Cropping at Original Frame Resolution Using Gst-nvmultiurisrcbin

• Hardware Platform: GPU
• DeepStream Version: 7.1
• TensorRT Version: 10.9.0.34
• NVIDIA GPU Driver Version (valid for GPU only): 550.144.03

Hi everyone, I hope you’re doing well!

I’m currently working on a DeepStream pipeline using the Python bindings, and I’d like to know whether it’s possible to perform object cropping at the original resolution when using the Gst-nvmultiurisrcbin element.

The general idea is to use a queue and a tee before the GstNvStreamMux, so we can preserve the original decoded frame. After inference and tracking are completed, we would then crop the detected object at the original resolution, possibly to perform further analysis or inference.

At the moment, our cropping happens at the resolution scaled down by nvstreammux (e.g., 720p), using a probe function at the end of the pipeline.

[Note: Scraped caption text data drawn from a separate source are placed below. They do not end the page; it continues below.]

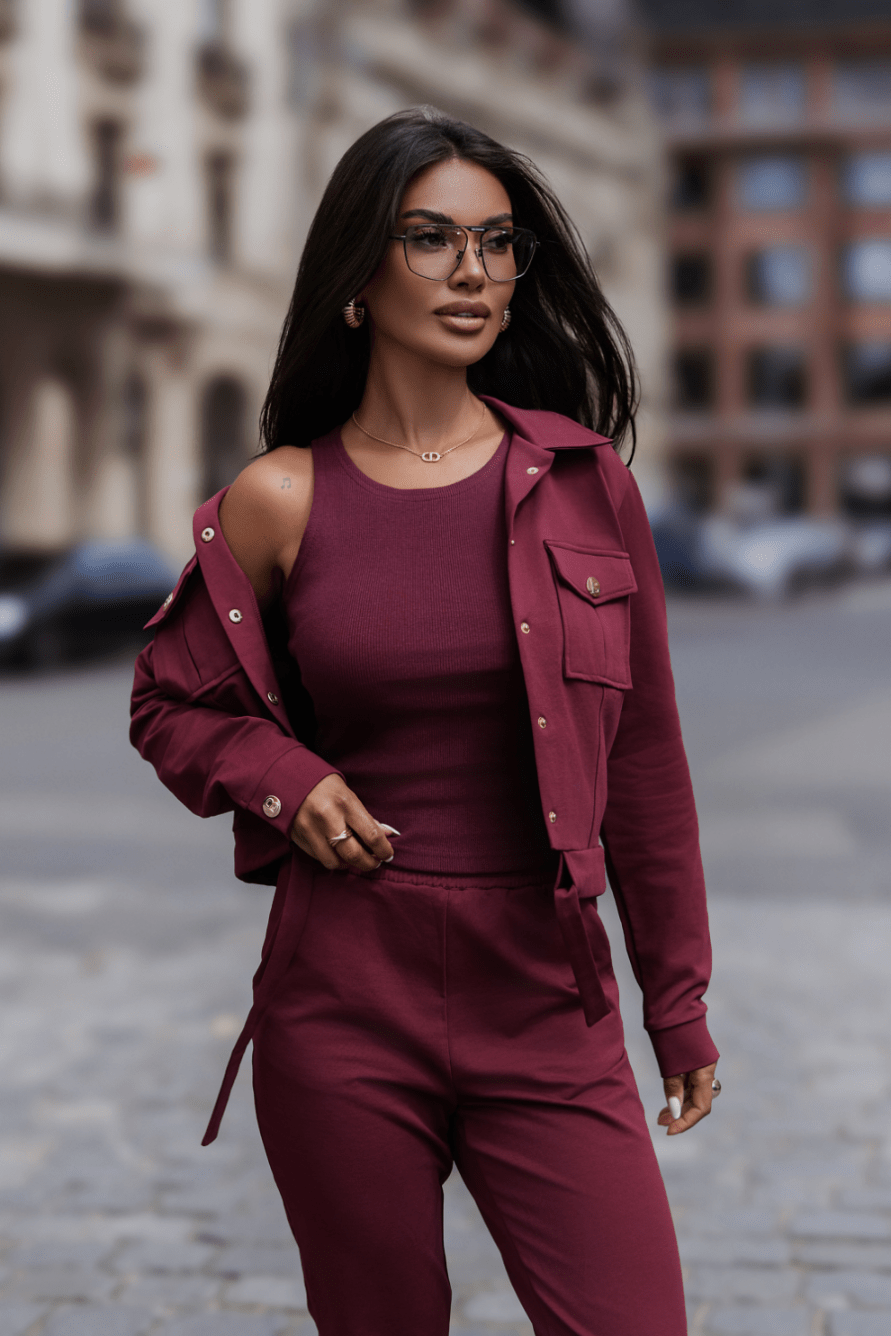 Дамски 3-частен спортен комплект Milano, бордо, 100% памук LaBalancia Roberto Fashion Store Set 5907378523900 XS/S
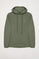 Green hoodie with pockets and Polo Club logo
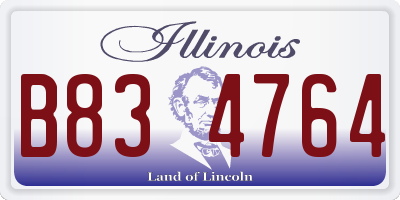 IL license plate B834764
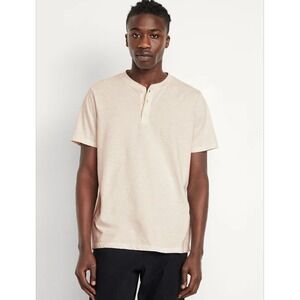 Gap Shirt Henley 3 Button Placket Light Oatmeal Tan S/S Men's Size Large EUC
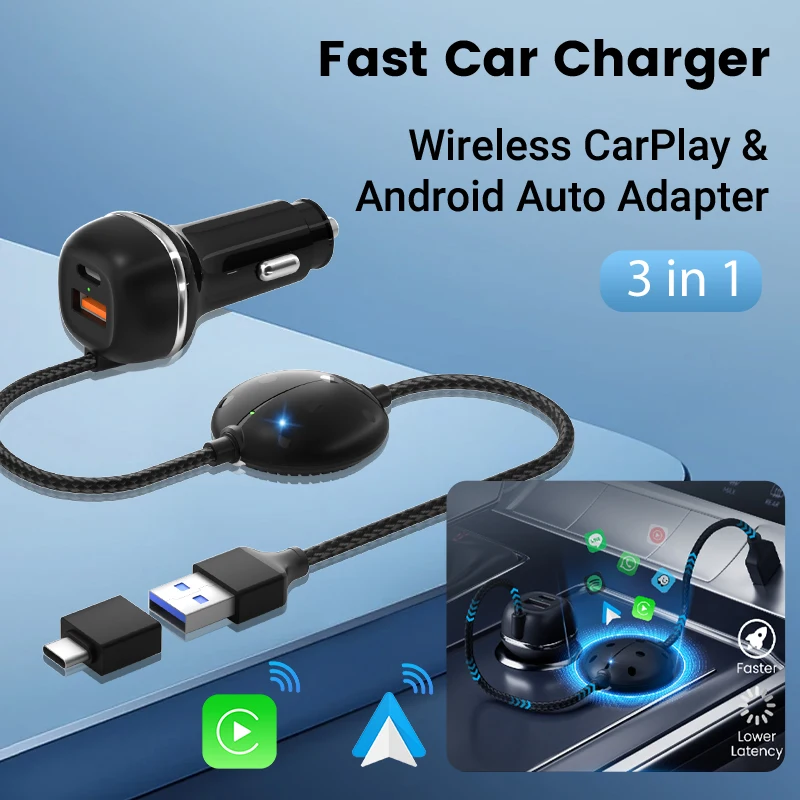 Acodo 2025 New Wireless CarPlay Android Auto Adapter Fast Car charger 3in1 Mini Smart Box Plug and Play Wifi BT For Universal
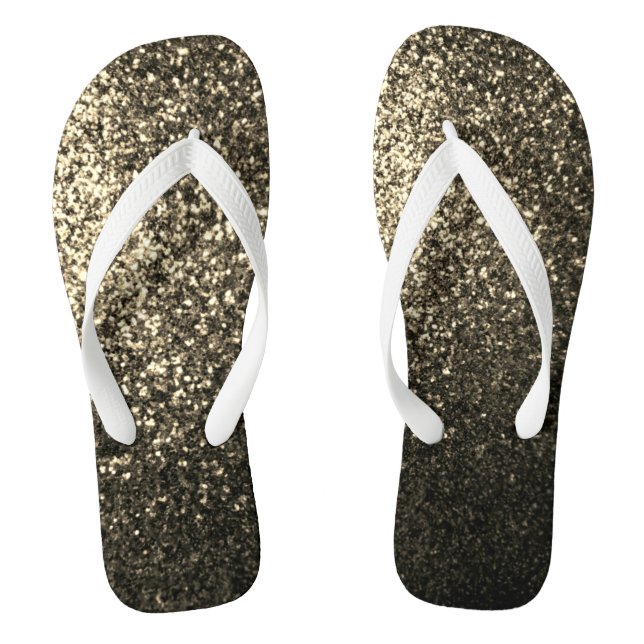 Glitter bronze flip flops (Footbed)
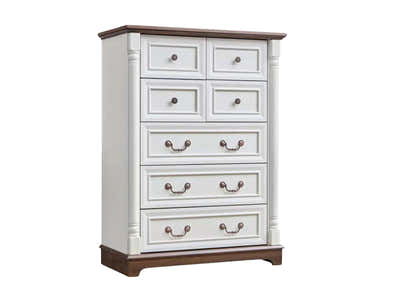 DS 7-Drawer Chest - Antique White & Rustic Brown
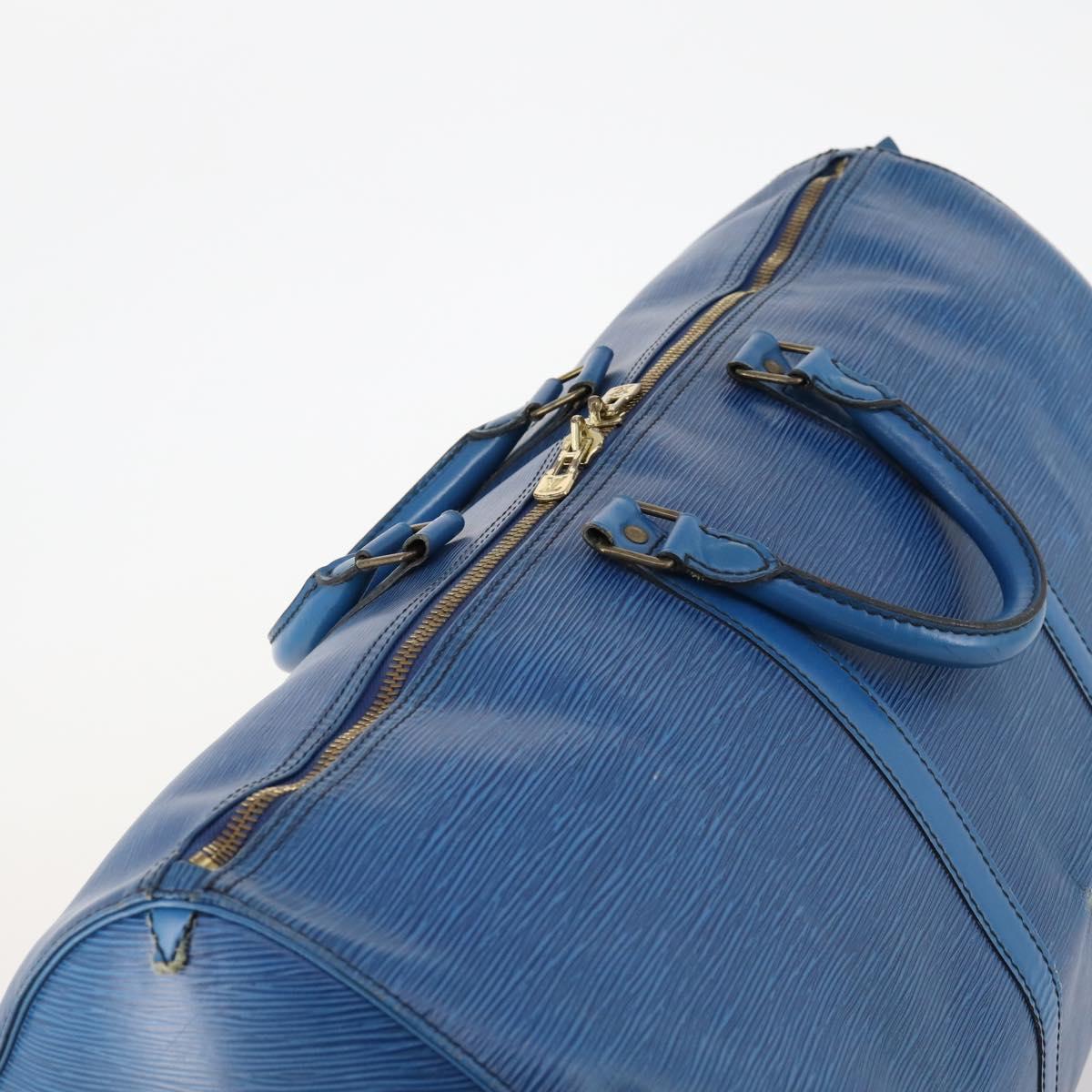 LOUIS VUITTON Epi Keepall 55 Boston Bag Toledo Blue M42955 LV Auth BA11448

This leads to suboptimal crops, especially for high-res streams like 4K.

We’re considering a few approaches:

  1. Manually building an equivalent to nvmultiurisrcbin in our pipeline, keeping its reconnection logic and support for both H.264 and H.265, but also exposing a second output pad with the original-resolution frames.
  2. Injecting custom elements into nvmultiurisrcbin, though this seems unlikely since it’s a compiled, closed-source bin.
  3. Somehow pushing nvinfer and nvtracker metadata upstream, to access it before the nvstreammux scaling — possibly even trickier.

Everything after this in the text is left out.